この変革を支える柱となるのが、二つの重要な取り組みだ。ひとつは「ONE R&D(ワン・アールアンドディー)」体制の構築である。中国各地に分散していた開発拠点(天津の一汽トヨタ、広州の広汽トヨタ、深圳のBYDとの合弁会社)を連携・統合し、日本本社から中国側への研究開発権限の移譲を進めている。
もうひとつは「RCE(中国首席エンジニア)」制度の導入である。これは日本本社の「CE(チーフ・エンジニア)」制度をローカライズしたもので、中国人エンジニアが車両開発の全権を担う仕組みだ。
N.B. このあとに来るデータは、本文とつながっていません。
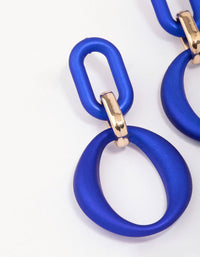 Blue Rubber Link Drop Earrings - link has visual effect only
彼らは市場分析、企画、設計、生産、販売に至るまで全工程に責任を持つ。
現在、中国のRCEとして名を連ねているのは、bZ5の開発責任者・王君華氏、広汽トヨタのEV「鉑智3X」を担当する柳文斌氏、「鉑智7」の葉志輝氏、次世代カローラの開発を担う許天龍氏などである。彼らは中国市場を熟知する若手の技術者であり、トヨタにとって次世代車開発の要となる存在だ。
トヨタは「中国に適応する」のではなく、「中国が定義する」時代に入ったとし、中国をグローバルな研究開発と技術革新の中核拠点と位置づけている。しかし、実際に中国ユーザーが真に求めるEVを定義・開発することは容易ではない。技術的優位性と優れたユーザー体験を両立できなければ、トヨタとレクサスは今後も中国市場での苦戦を強いられる可能性がある。
事実、トヨタとレクサスの中国における販売台数は2021年の217万台をピークに、2024年には195万台へと減少している。RCE体制とONE R&D戦略が成果を上げるかどうかは、今後のトヨタ中国戦略の成否を左右する重要な鍵となる。